- **ACTIVITY**
Starting at the line that contains "Fleur The Love" and stopping at the line that contains "GROHE Start Cube", restate each line of the records below exactly. Omit the pictures.

- **PROVIDED DATA**

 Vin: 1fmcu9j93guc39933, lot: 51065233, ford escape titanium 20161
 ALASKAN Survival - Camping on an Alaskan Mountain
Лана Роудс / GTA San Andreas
---
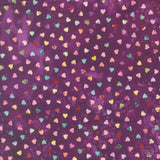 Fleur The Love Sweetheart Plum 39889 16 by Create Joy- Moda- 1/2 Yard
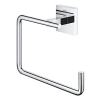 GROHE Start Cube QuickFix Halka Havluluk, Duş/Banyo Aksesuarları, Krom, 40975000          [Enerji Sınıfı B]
---
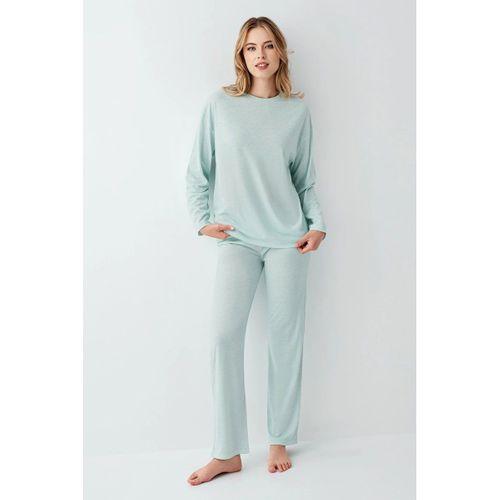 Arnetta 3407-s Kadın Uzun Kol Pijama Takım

- **TASK OUTPUT**
 Fleur The Love Sweetheart Plum 39889 16 by Create Joy- Moda- 1/2 Yard
 GROHE Start Cube QuickFix Halka Havluluk, Duş/Banyo Aksesuarları, Krom, 40975000          [Enerji Sınıfı B]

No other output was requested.